Yahoo New Spin-Off Plans Puts These ETFs In Focus

Yesterday, global Internet provider Yahoo (YHOO – Analyst Report) scrapped its year-long plan to spin-off its $32 billion stake in the Chinese e-commerce giant Alibaba Group (BABA – Analyst Report). The move came amid shareholder concerns that the transaction will result in a huge tax bill.

Now, the company is evaluating options to spin-off its core Internet business and the Yahoo! Japan stake into a new publicly-traded company. The company's core business includes advertising, search , Yahoo Sports and the Tumblr blogging platform. It has been struggling to gain market share in online and mobile advertising from Alphabet (GOOGL – Analyst Report) and Facebook (FB – Analyst Report).
 
The new spin-off plan could save billions of dollars in taxes, as Yahoo's core business is valued at lower than the 15% Alibaba stake. While the name of the new company has not been disclosed, the process is expected to take a year or more to complete. Potential buyers of the Yahoo Internet business include Verizon (VZ – Analyst Report), AT&T (T – Analyst Report), Comcast (CMCSA – Analyst Report) and private equity firms that specialize in buying troubled companies (see: all Technology ETFs here).

Following the new spin-off news, shares of YHOO rose 2.8% initially but fell 1.3% at the close on heavy volume of 2.5 times on average. Currently, Yahoo has a Zacks Rank #3 (Hold) with dismal Growth, Value and Momentum Style Scores of F, D and D, respectively. However, the stock falls in a solid industry that has a Zacks Rank in the top 24% at the time of writing.

The news has put the spotlight on spin-off ETFs and tech ETFs with the largest allocation to this pioneer:  

Spin-Off ETFs

Guggenheim Spin-Off ETF ((CSD – ETF report))

This ETF offers target exposure to the U.S. companies spun off in the past 30 months by tracking the Beacon Spin-off Index. Holding 41 stocks in its basket, the fund has amassed $335.5 million in its asset base while sees moderate volume of around 61,000 shares a day. Expense ratio came in at 0.66%. From a sector look, financials and consumer discretionary take the top two spots with nearly one-fourth share each while healthcare and information technology round off the next two with a double-digit exposure each.

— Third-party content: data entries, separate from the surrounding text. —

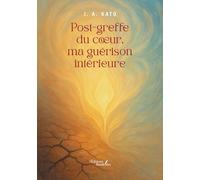 Post-greffe du coeur, ma guérison intérieure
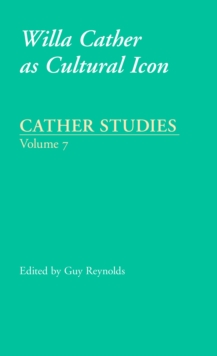 Cather Studies, Volume 7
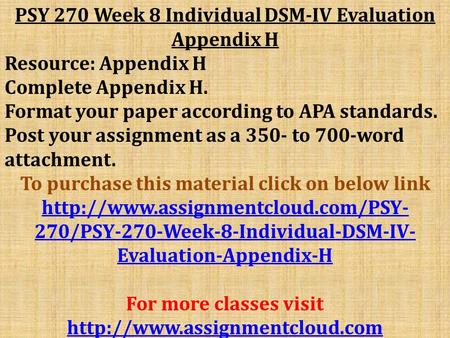 PSY 270 Week 8 Individual DSM-IV Evaluation Appendix H Resource: Appendix H Complete Appendix H. Format your paper according to APA standards. Post your.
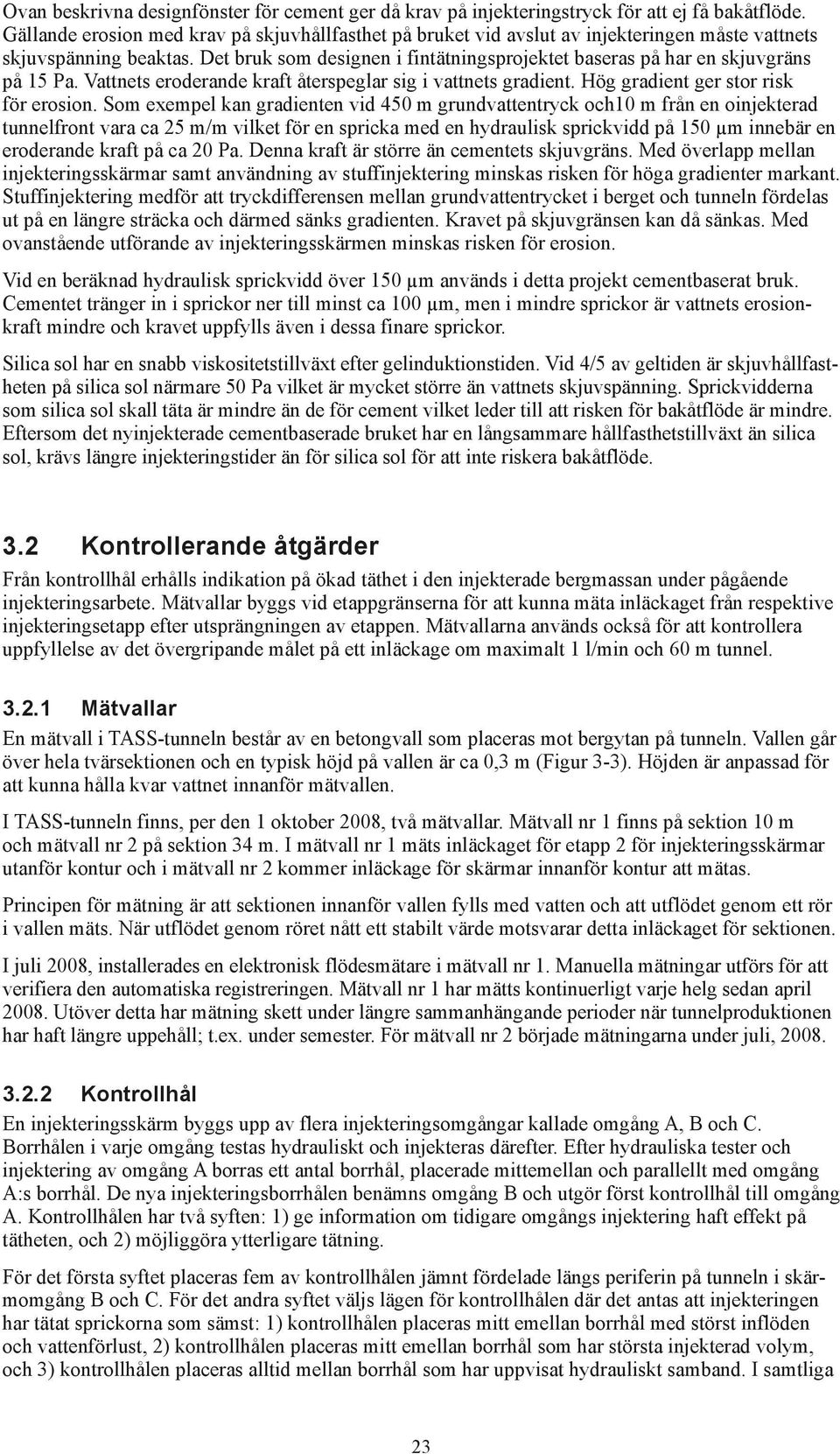 Det bruk som designen i fintätningsprojektet baseras på har en skjuvgräns på 15 Pa. Vattnets eroderande kraft återspeglar sig i vattnets gradient. Hög gradient ger stor risk för erosion.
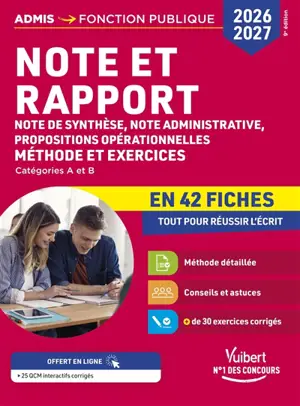 Note et rapport : note de synthèse, note administrative, propositions opérationnelles, catégories A et B : méthode et exercices en 42 fiches, 2026-2027
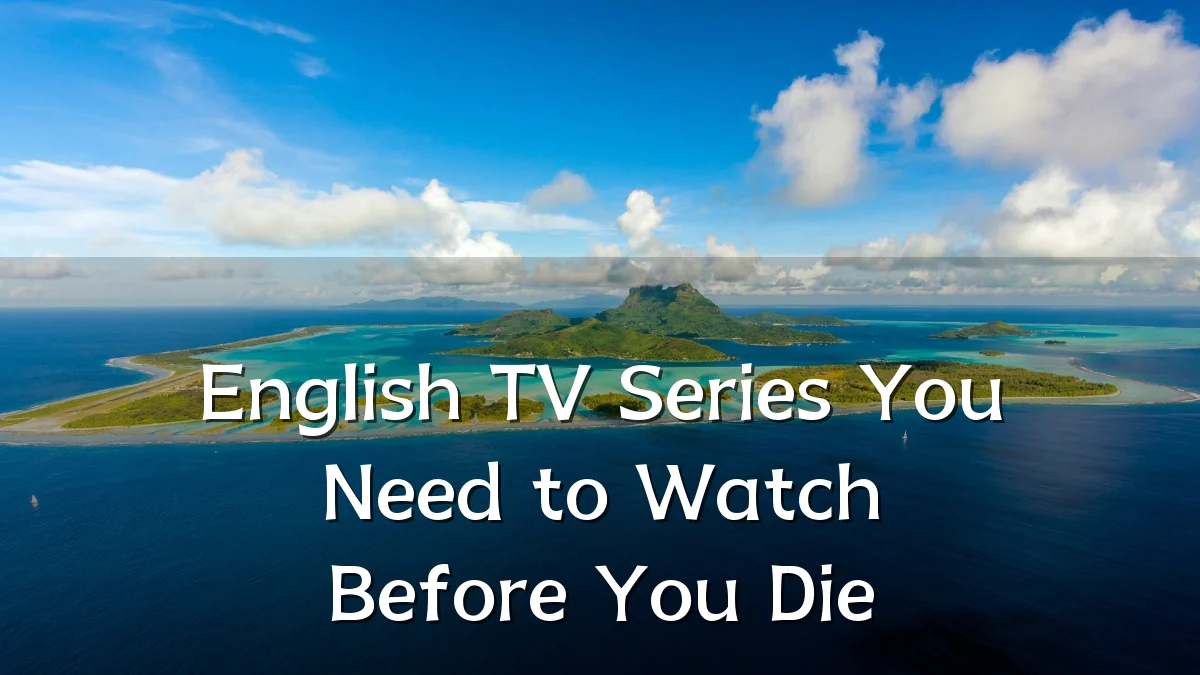 English TV Series You Need to Watch Before You Die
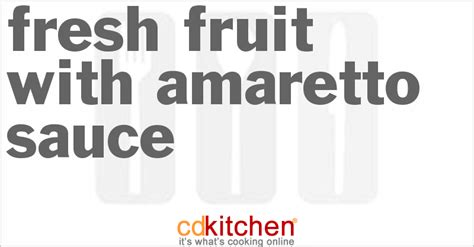 fresh-fruit-with-amaretto-sauce-recipe-cdkitchencom image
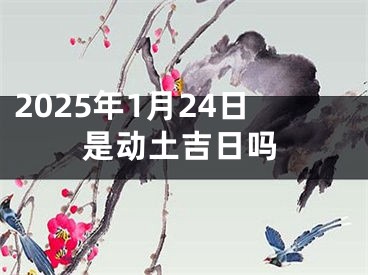 2025年1月24日是动土吉日吗
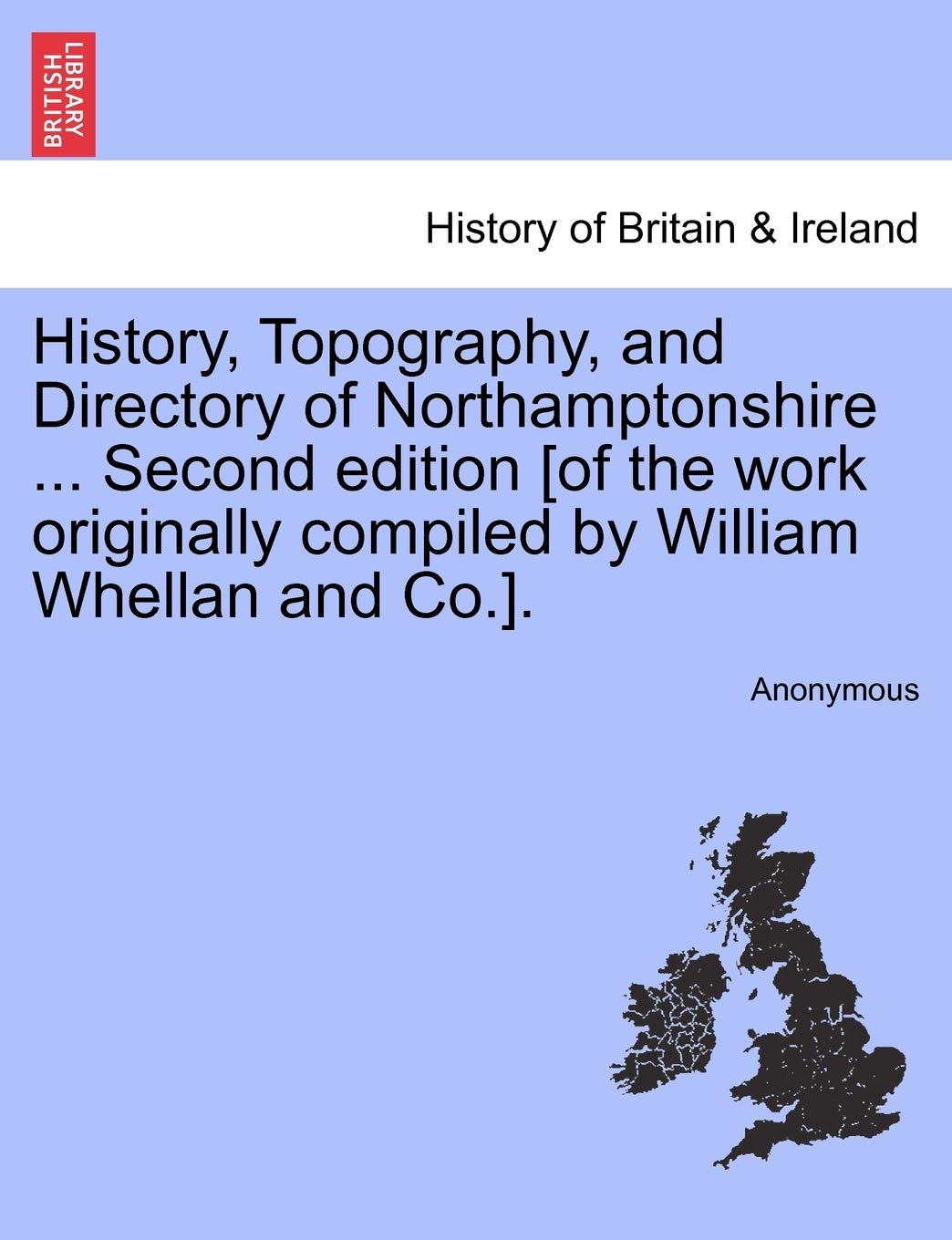 History, Topography, and Directory of Northamptonshire ... Second edition [of the work originally compiled by William Whellan an,Used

The fund has lost 11.7% in the year-to-date timeframe (read: 5 ETFs to Buy and Hold for the Next 5 Years).

Market Vectors Global Spin-Off ETF ((SPUN – ETF report))

This fund debuted in the space six month ago and has accumulated $2.6 million in AUM. It tracks the Horizon Kinetics Global Spin-Off Index, holding 84 spin-off companies that are domiciled and trade in the U.S. or the developed markets of Western Europe and Asia. Consumer discretionary takes the top spot at 26.4% while financials and industrials round off the top three with a double-digit exposure each. The fund charges 55 bps in fees and trades in volume of 3,000 shares per day on average. It has shed nearly 11% so far since inception.